An exact reproduction of the listing is wanted, with the pictures dropped.

====== INFORMATION SUPPLIED ======

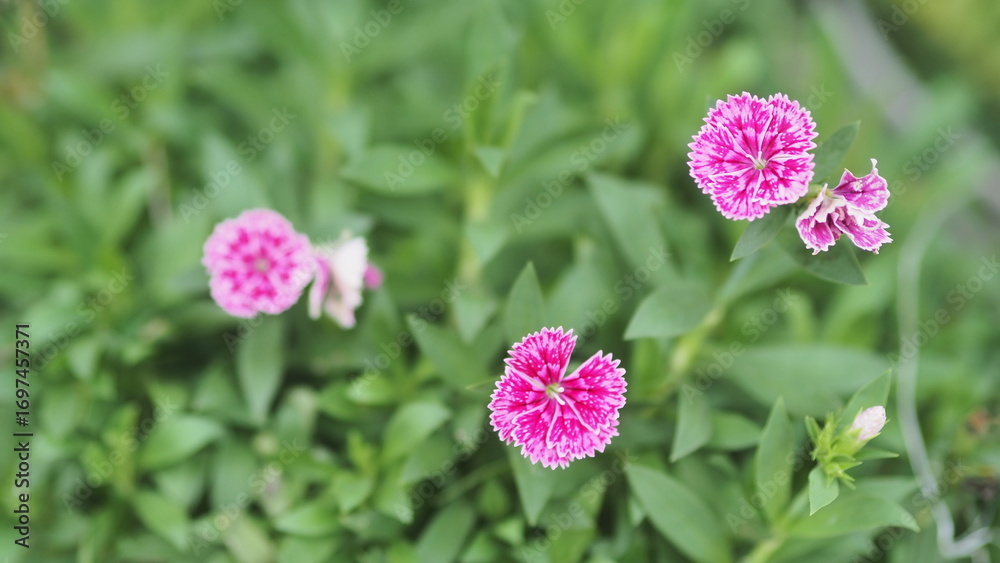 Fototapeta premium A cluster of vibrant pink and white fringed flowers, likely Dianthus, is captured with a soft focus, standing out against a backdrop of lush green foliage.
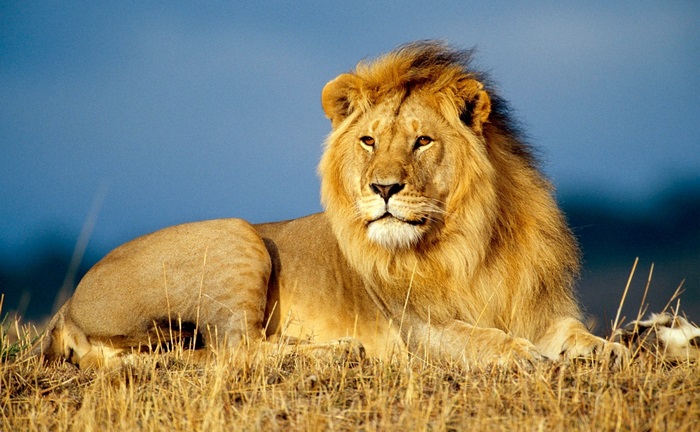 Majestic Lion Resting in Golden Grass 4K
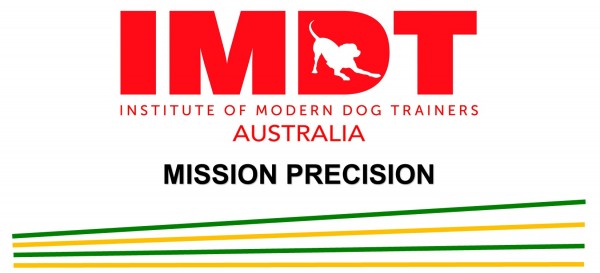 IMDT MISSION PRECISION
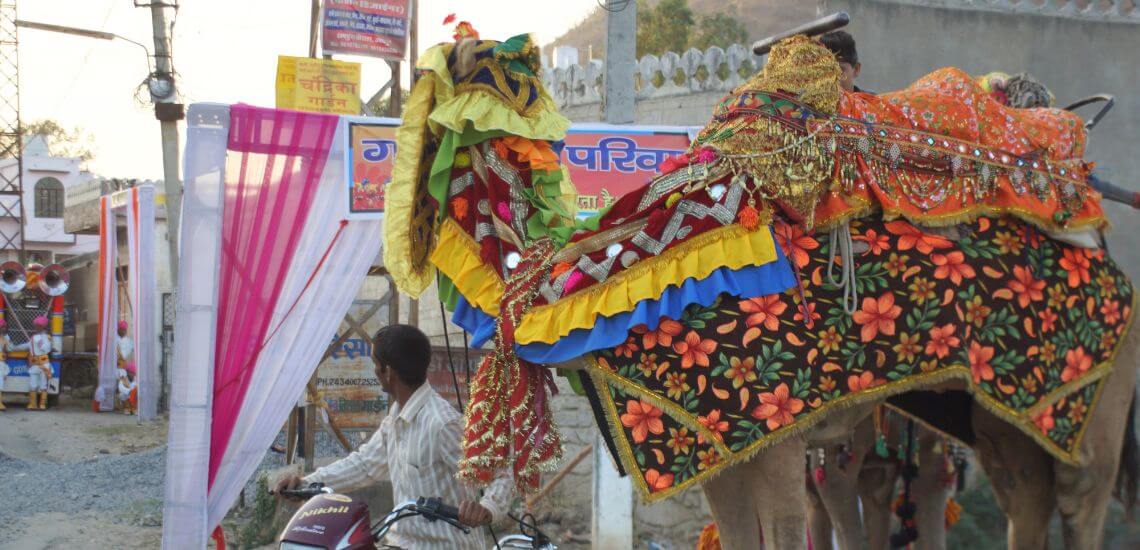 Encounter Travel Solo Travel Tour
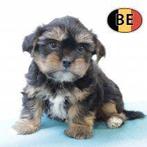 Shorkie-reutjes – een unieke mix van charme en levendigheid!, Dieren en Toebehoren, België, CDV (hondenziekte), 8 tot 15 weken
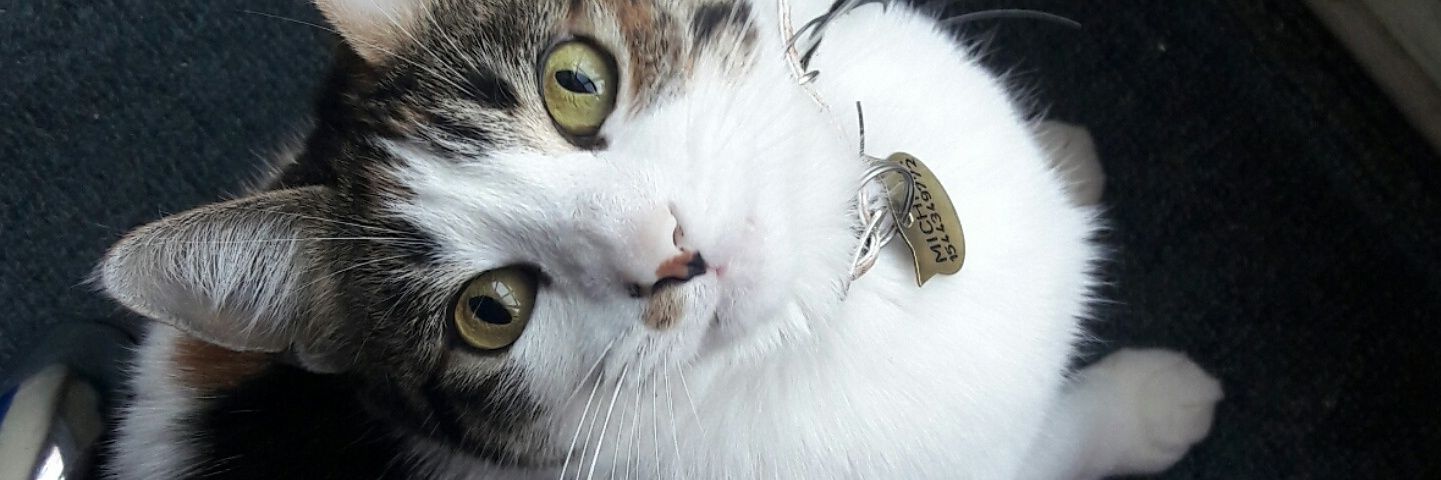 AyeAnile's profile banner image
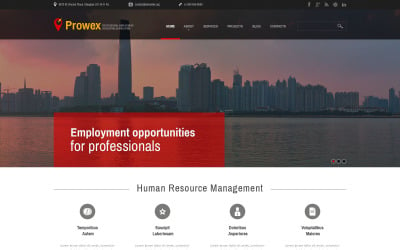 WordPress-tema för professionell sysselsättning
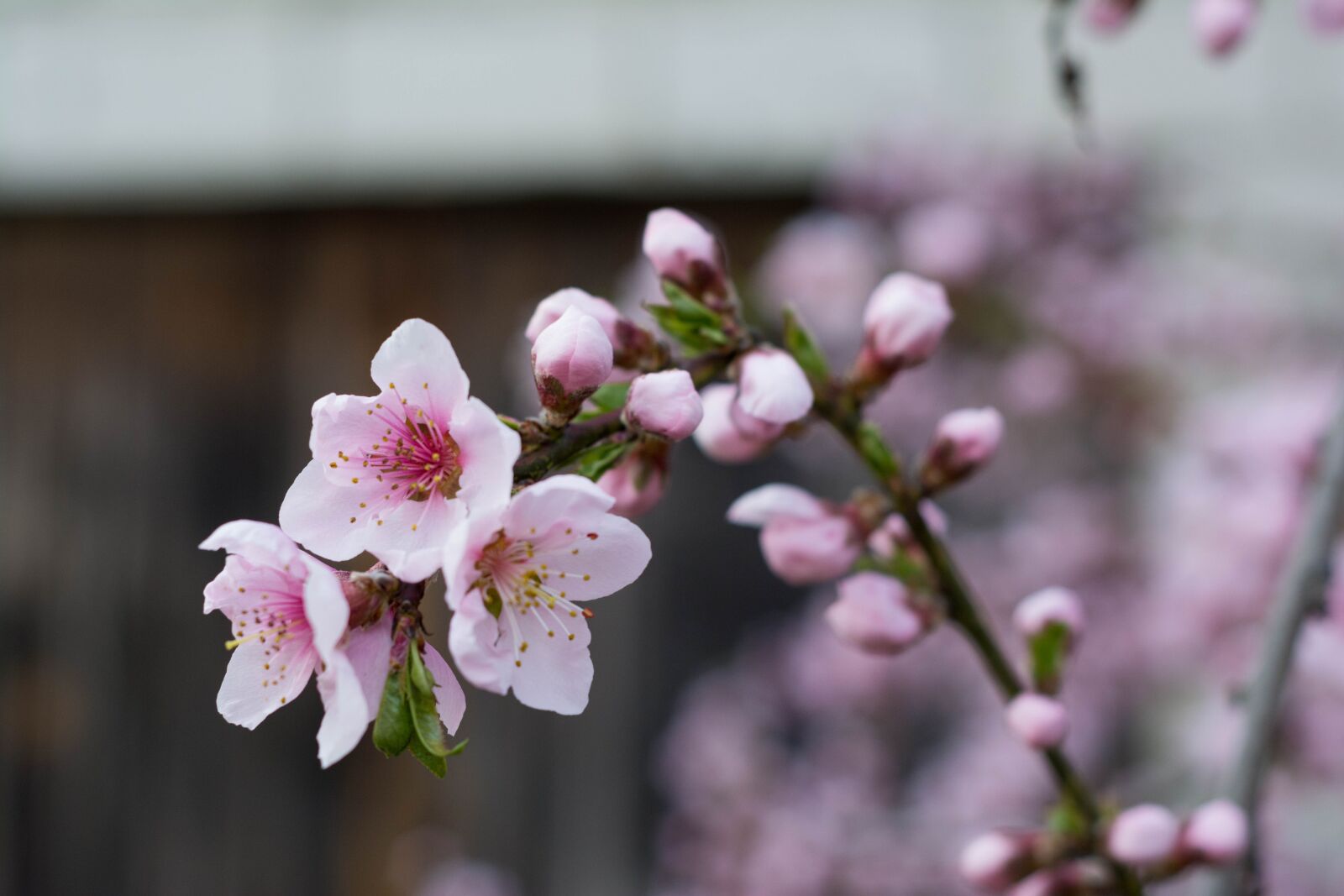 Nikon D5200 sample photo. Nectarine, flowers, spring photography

======

**TASK SOLUTION**
 Fototapeta premium A cluster of vibrant pink and white fringed flowers, likely Dianthus, is captured with a soft focus, standing out against a backdrop of lush green foliage.
 Majestic Lion Resting in Golden Grass 4K
 IMDT MISSION PRECISION
 Encounter Travel Solo Travel Tour
 Shorkie-reutjes – een unieke mix van charme en levendigheid!, Dieren en Toebehoren, België, CDV (hondenziekte), 8 tot 15 weken
 AyeAnile's profile banner image
 WordPress-tema för professionell sysselsättning
 Nikon D5200 sample photo. Nectarine, flowers, spring photography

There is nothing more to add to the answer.